Signaling pathways activated by G proteins

G proteins receive input from their associated receptors, after which they activate one of the cell's signaling pathways.

Effect on the synthesis of cyclic AMP

Cyclic AMP (cAMP) is a common second messenger that controls many processes in eukaryotic cells. cAMP is synthesized with ATP by the large transmembrane enzyme adenylate cyclase and degraded by cAMP phosphodiesterase. Many signaling molecules influence the cell by increasing or decreasing the concentration of cAMP through activation or inhibition of adenylate cyclase. cAMP performs its function as a second messenger by activating cAMP-dependent protein kinase (protein kinase A, PKA), which in turn phosphorylates many proteins in the cell at serine and threonine residues, activating or deactivating them.

There are two types of G proteins that influence active adenylate cyclases: G s (eng. Stimulating)- stimulating, activating it and increases the concentration of cAMP and G i (eng. Inhibitory)- inhibitory, suppressing adenylate cyclase, but also acts by direct action on ion channels. Examples of reactions triggered by a G s dependent increase in cAMP concentration are:

• Synthesis and secretion of thyroid hormones by the thyroid gland under the influence of thyroid-stimulating hormone;
• Secretion of cortisol by the adrenal cortex under the influence of adrenocroticotropic hormone;
• The breakdown of glycogen in muscles under the influence of adrenaline;
• The breakdown of glycogen in the liver under the influence of glucagon;
• An increase in the frequency and strength of heart contractions under the influence of adrenaline;
• Reabsorption of water in the kidneys under the influence of parathyroid hormone;
• The breakdown of triglycerides in adipose tissue under the influence of one of the daily hormones: adrenaline, ACTH, glucagon, thyroid-stimulating hormone.

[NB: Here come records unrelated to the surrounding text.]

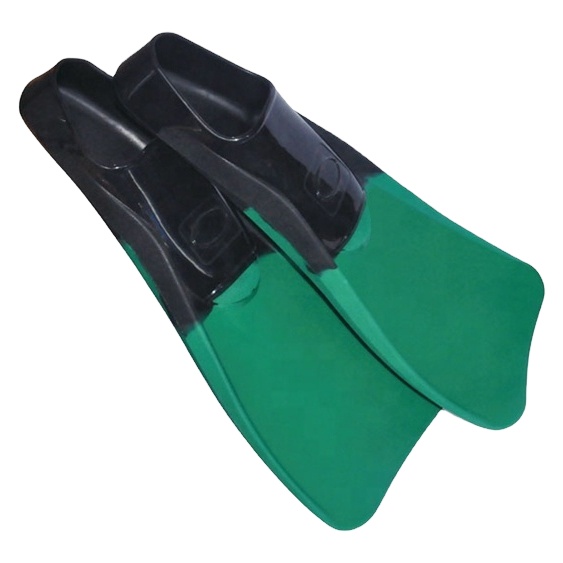 Unisex-Adult Customized Logo Silicone Swim Training Fins Short Blade Diving Flippers for Snorkeling Spearfishing Rubber Material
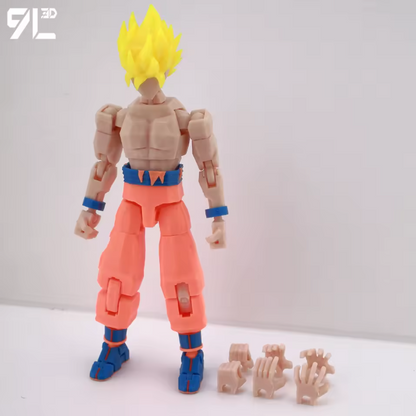3D Printed Dragon Ball Super HG Saiyan Son Goku Figure Gacha Gashapon Japan GOKU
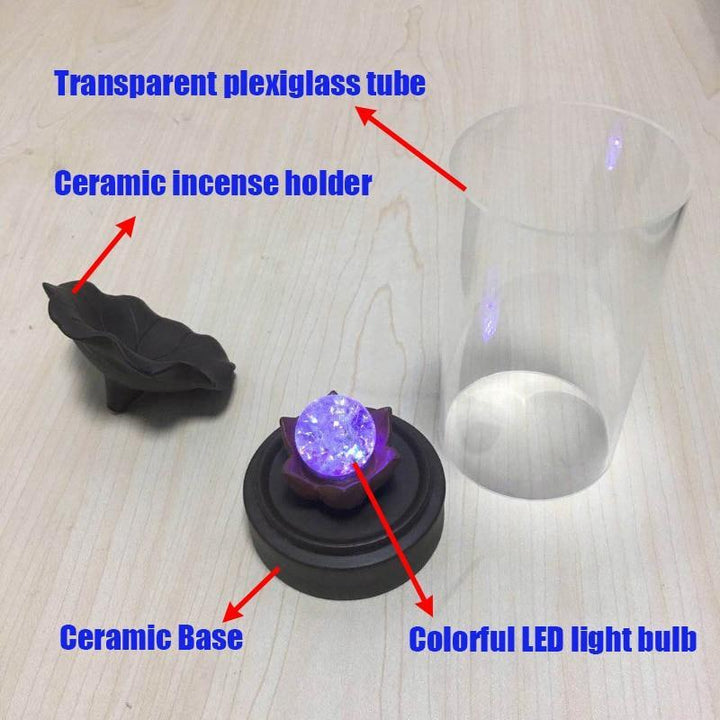 Led Crystal Ball Incense Burner | Kalsten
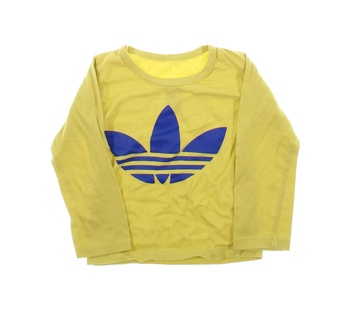 Dětské tričko Adidas žluté 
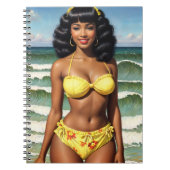 Pinup Melanin Bikini Notizblock (Vorderseite)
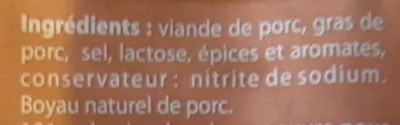 Lista de ingredientes del producto Saucisses de Montbéliard fumées et cuites Dia Dia 300 g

Bacterial toxins affecting the activity of G s and G i proteins

G-proteins, which influence cAMP-dependent cellular signaling, are targets of bacterial toxins:

• Cholera toxin is an enzyme that catalyzes the transfer of ADP-ribose from NAD+ (ADP-ribosylation) to the α-subunits of the G s protein. As a result, it loses the ability to hydrolyze the bound GTP molecule and enters a state of permanent activation. This in turn leads to a long-term increase in the concentration of cAMP in the cells of the wall of the large intestine, due to which a large amount of water and Cl - ions begin to be released into its lumen. This is how diarrhea occurs and is a characteristic sign of cholera.
• Pertussis toxin carries out APD-ribosylation of the α-subunit of the G i protein, due to which it cannot interact with the corresponding receptor and turn on.

These two toxins are used in biological studies to determine which cellular response is mediated by the G s - or G i -protein.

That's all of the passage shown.